UNION — Amy Truitt is Foster Park Elementary School’s 2012-2013 Teacher of the Year.
Truitt said her philosophy in regard to teaching is simple.
“Love first and teach second, while still loving,” she said. “Love the kid who is rude and disrespectful; love the genius; love the slow to catch on; love the fastest runner; love the kid with the writing so sloppy it gives you a headache to read; love the one that interrupts constantly; love the child who thinks finger painting is equivalent to swimming; love the one who throws up on your shoe; love the one who makes you smile and the one who makes you want to scream. Love them all.”
Truitt has taught visual art at Foster Park Elementary School for the past six years. She is also drama club assistant and grant manager. From 2005-2007, Truitt taught third grade at Foster Park Elementary. Between 1996-2005, she taught second and fourth grades as well as resource at Jonesville Elementary.
Truitt earned a Bachelor of Arts in Deaf and Elementary Education with a minor in studio art from Converse College in 1996, and in 2002 she earned a master’s degree in elementary education from Converse. In 2005, she became certified to teach art. Since then she has taken various technology-, curriculum- and arts-related courses from Converse College, Winthrop University and the University of South Carolina.
Truitt said she began to think about teaching at a very young age and fondly remembers playing school as a child.
“I have always been a teacher at heart because I was surrounded by those who loved learning — at home, at church, at school, everywhere,” Truitt said. “As a young child at church, my teachers and preachers were always folks who treasured learning about God’s Word.
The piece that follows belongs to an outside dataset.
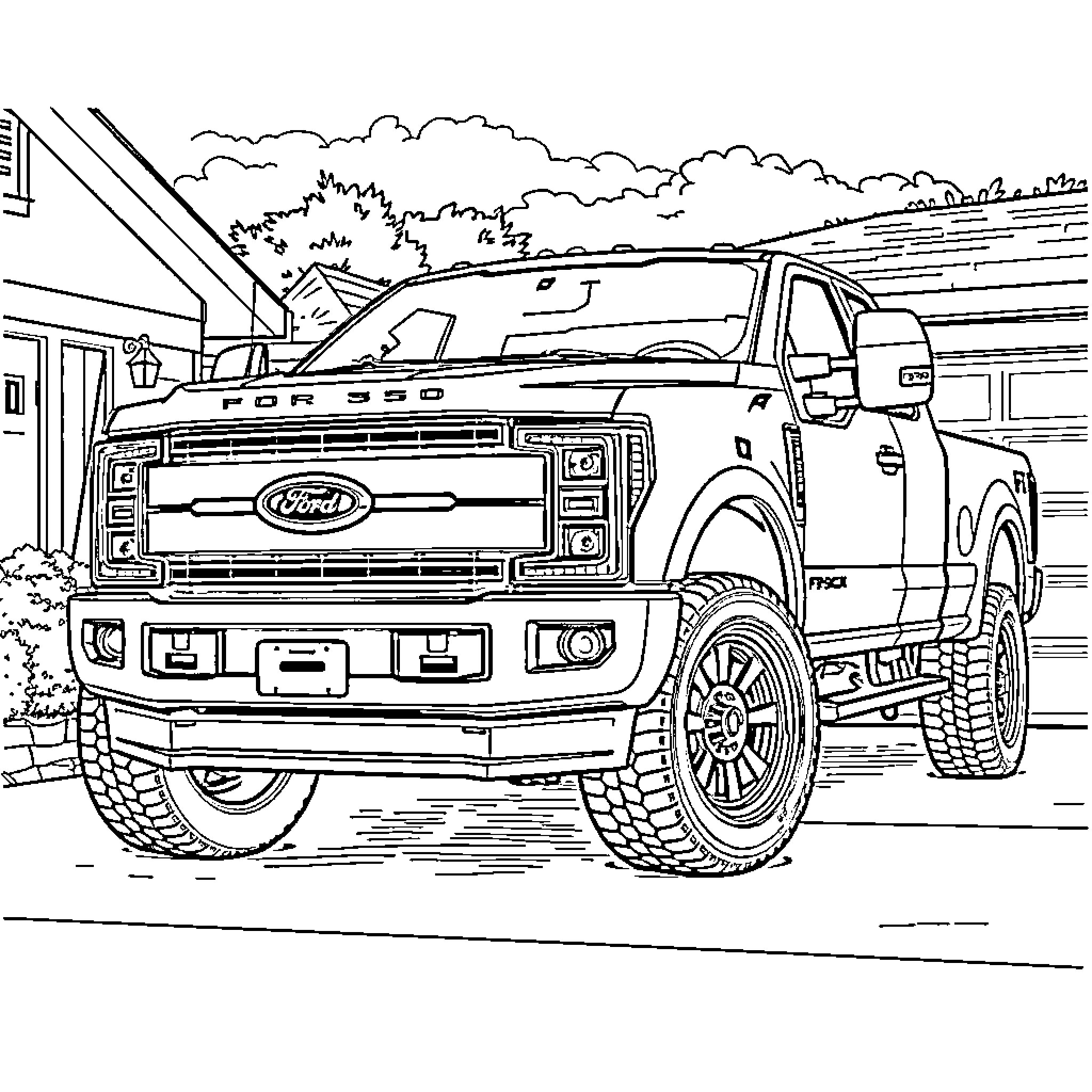 Ford F350 truck in a rugged outdoor scene Coloring Page (free black-and-white line drawing printable PDF for all, from beginners to advanced learners, including children, teens, adults, and seniors)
They set the standard high for me when they challenged me to memorize scripture, learn all of the books of the Bible through a song, and let me know they expected results from my having been at church.”
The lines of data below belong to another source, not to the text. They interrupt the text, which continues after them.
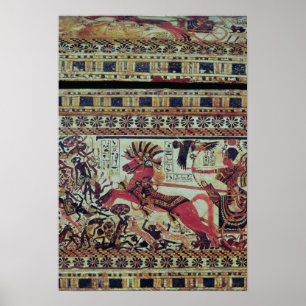 Tutankhamun on his chariot attacking Africans Poster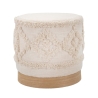 Pouf rond en tissu rembourré avec base en bois 40x40 Damasco Promotion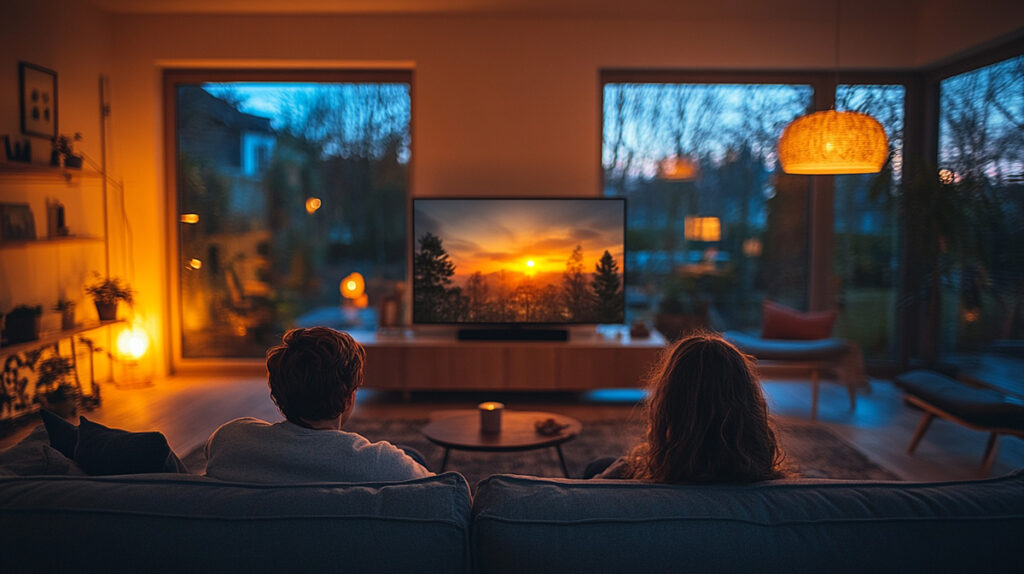 Familj som tittar på TV i ett nordiskt vardagsrum på kvällen, med mjuk belysning och naturliga texturer för en hemtrevlig atmosfär.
Truitt said she was positively influenced by many of her teachers, but her favorite was Pat McAbee.
“She was the sweetest lady I had ever met, had the most beautiful cursive handwriting I had ever seen, and was a fantastic teacher,” Truitt said. “She loved learning, loved language and genuinely loved me! I knew in my heart of hearts that she had a genuine care and concern for me, my education and my well-being. I can still knock on her door today and she — though much older — is still the same person she always was — sweet, genuine, almost angelic in her amount of kindness. Being in her classroom was a thrill just because of who she was. I strive to be the kind of teacher she was for me and the kind of lady she still is today.”
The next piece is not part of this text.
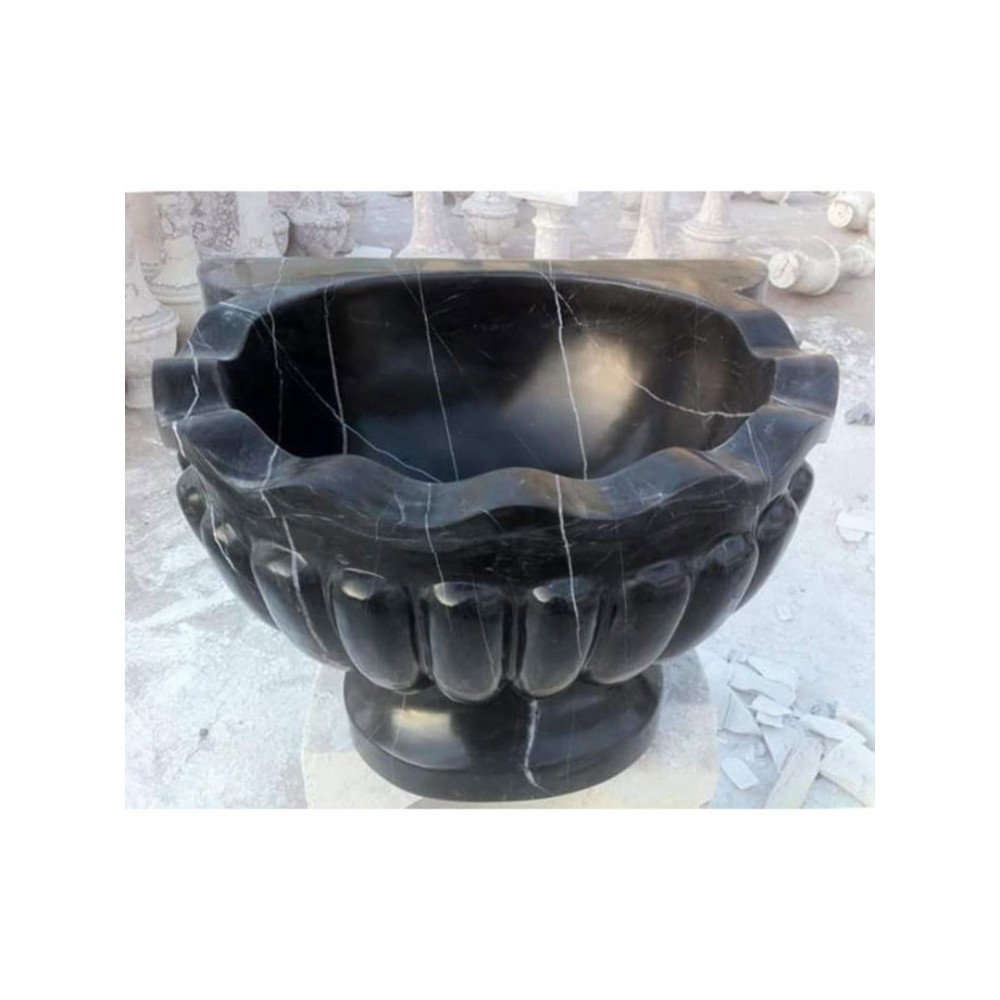 Toros Siyahı Elips Ayaklı Kavun Dilimli Mermer Kurna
Foster Park Elementary School Principal Barbara Palmer said Truitt’s teaching philosophy is observable the minute one steps into her classroom.
“Mrs. Truitt believes that students must first feel safe and comfortable in the environment before they feel safe to perform academically,” Palmer said. “Students who often do not perform successfully in the regular classroom excel in Mrs. Truitt’s class. She is able to pull the artistic ability out of the students and to even make those who are not gifted artistically feel that they are artists. She has a gift for bringing out the best in all students.”
Palmer also pointed out that Truitt has been instrumental in writing and receiving “Special Arts Grants” each year for the past several years.
“She devotes extra time and energy voluntarily in order for the students to have experiences they would otherwise not be able to experience,” Palmer said. “Our students have had an artist-in-residence for the past several years as a result of her grant writing abilities. They have been afforded the opportunity to work with professional musicians and artists such as sculptors, African drummers and theatrical performers.”
Literacy and curriculum coach Patricia Farmer said Truitt’s love for students is evident in her methods as well as her investment of time.
“She uses positive reinforcement lavishly, with lots of verbal praise and coaching,” Farmer said. “She stays after school to help with programs and activities. She decorates our halls with beautiful art work using her own time. She leads a math academy time group of struggling students and is a very important part of our tutoring plan.”
Truitt said the rewards from teaching are too many to count, but one major reward is seeing growth and development in a child. She said she loves seeing personalities develop in a positive way, seeing students become more independent and seeing their confidence increase.
“I guess my greatest contributions and accomplishments in education aren’t the awards I have received or the number of art ribbons my students have won,” she said. “They are by far the number of students I have influenced in a positive way — the kids who have never had many adults care about them but knew I was genuinely concerned for them; the ones who realized they could learn something or do something they thought was impossible; the students who realized they are worth something even if someone else runs faster or sings higher; the ones who felt loved and accepted and know that if they come up to me today, they still will be. My greatest contribution to education is the number of smiles I have given, the amount of encouragement I have offered, and yes, along with that, the number of lifelong learners I have helped to form and inspire to be the best they could be.”
Aside from school, Truitt is involved in the community as a faithful member of Beulah Baptist Church, of which her husband, Mark, is pastor.
“I feel that as a Christian woman who has been blessed in many ways over the years, I have the duty to share these blessings with others,” she said.
Through the church, Truitt does missions work, sings in the choir, teaches Sunday School classes, leads the youth/children’s choir, leads Vacation Bible School each summer, works in the nursery and teaches Children’s Church. While growing up, Truitt was a member of West Springs Baptist Church.